Savvy entrepreneurs always…

  • Savvy entrepreneurs look for ways to capitalize on the strengths and resources of their partners, associates, employees and vendors.
  • They focus on what does work instead of what doesn’t work and, most importantly, keep their egos in check.
  • Take the time to listen carefully and discover hidden assets like skills, connections, resources and information.
  • Know that sometimes, opportunities take a little while to appear and options take time to become apparent.
  • Know that patience and good communication skills, as well as being prepared to generously share the profits, are essential.
  • Think outside the box and keep your eyes on your common goals.
  • Be flexible and open to new ideas.
  • Know that good people are hard to find.

Sales Tip

The better you know your salespeople, the better you can channel their energy, interests, skills and time. Don’t make the salesperson fit the job; rather, make the job fit the salesperson. Take time to listen to their opinions and suggestions, encourage sharing and reward innovation and risk.

Management Tip

By clearly defining the parameters of your employees’ jobs, you remove fear. Show them what they have to do to get fired, and you reduce any reticence to innovation. Fear stunts creativity and openness. People who feel secure will be more productive and honest with you. Spend more time developing relationship with your staff than you do with your customers.

Oct 01

Joint Venture Brokers are strategists.

They don’t:

  • Do things randomly.
  • Grasp at straws.
  • Leap onto every new, flavor-of-the month start-up scheme.
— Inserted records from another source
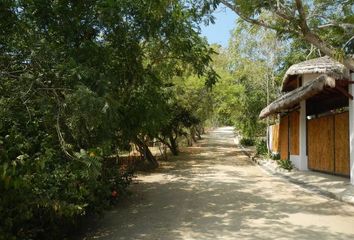 Terreno Comercial en  Manglaralto, Santa Elena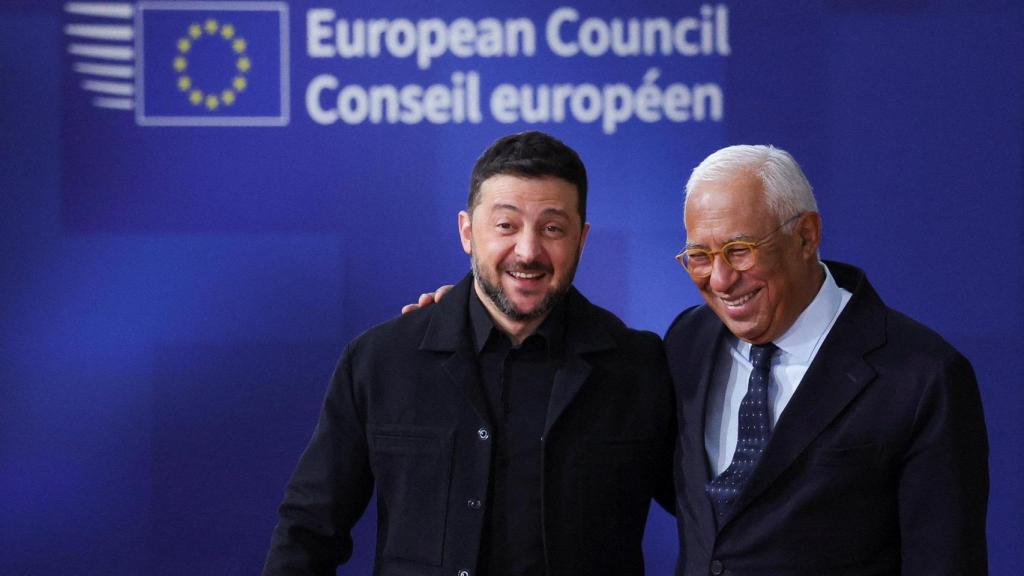 El presidente ucraniano, Volodímir Zelenski, y el presidente del Consejo Europeo, António Costa, este jueves en Bruselas.
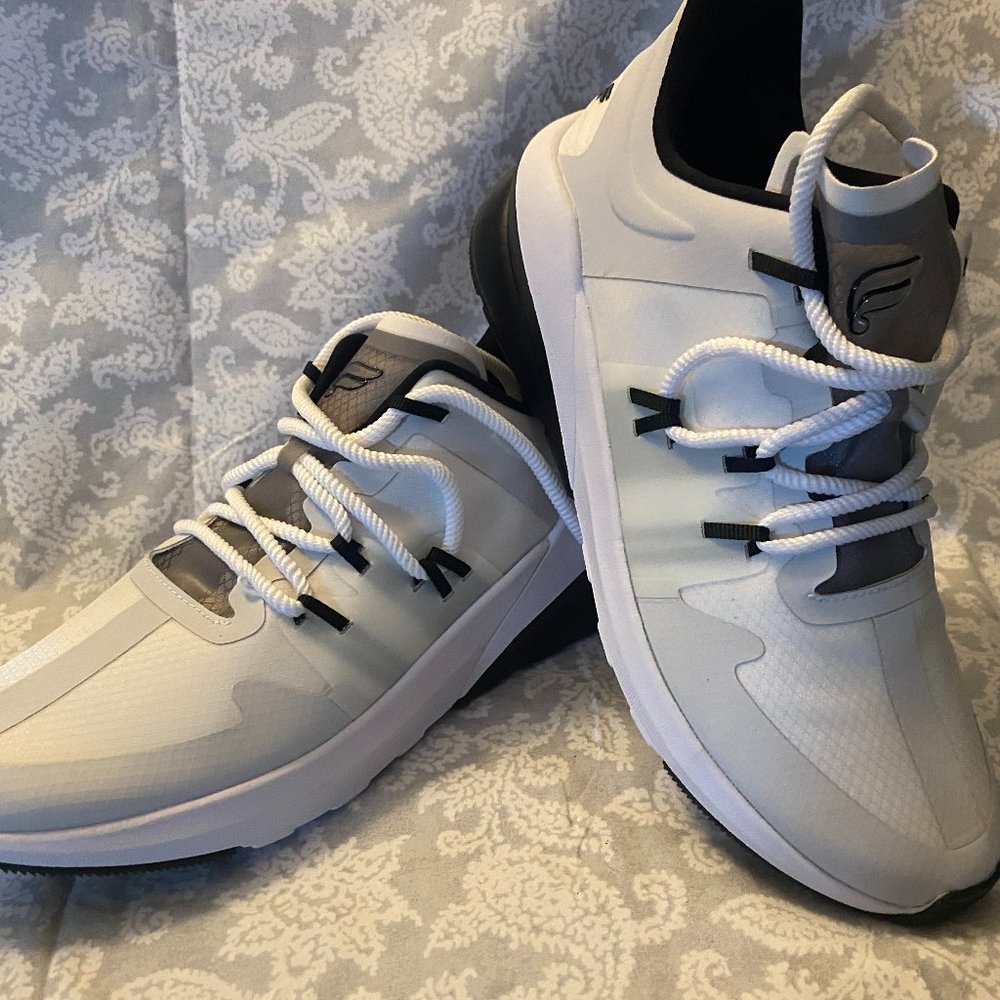 Fabletics Palms Performance Sneaker White/Black Size 7.5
They are sophisticated entrepreneurs who are very selective and careful with the allocation of their time and attention. They carefully and objectively consider their options and focus on profit and long-term income and potential.

Why Most Fail

The concept of “FEEDERS” is essential and foundational to your Joint Venture success. The reason why 97% of the people in Network Marketing, for example, only recruit three or four people and then quit, or take years to get any traction, is that they simply haven’t Feeders to bring them an ongoing line of new recruits. The reason why most “Motivational Speakers,” “Coaches,” and “Consultants” have no money or customers is because they don’t have Feeders to feed them business on a regular basis. Any salesperson or business owner that understands this concept will make serious money.

What Works

A “Feeder” is a mechanism that continues to feed you prospects and business, given that you follow up and manage the process and the people correctly. Smart Joint Venture Brokers create the situation where all their Joint Ventures feed each other, and they have Feeder events and systems that operate consistently and predictably. They use leverage, delegation, duplication, and leadership to set up and maintain these Feeders. A Feeder that doesn’t work is carefully monitored, manipulated, tweaked, fixed, and adjusted until it either produces or is discarded, and it is weighed an evaluated solely on its performance, potential, profit, positioning, and productivity.

Salespeople, Joint Ventures, seminars, Bootcamps, newsletters, websites, book, CD’s, reports, centers of influence, give-aways, talk, conference calls, databases, webinars, and most of all our other Joint Ventures, are all Feeders, as long as the systems are properly and professionally established and coordinated. This is one of the skills that we teach at our DollarMakers Certified Business Mentor Training program. By creating self-duplicating systems and Joint Ventures that feed each other and attract new business by design, we use a technology that creates exponential growth and wealth with no cost or risk, and very little time. “Feeders feed, losers bleed.”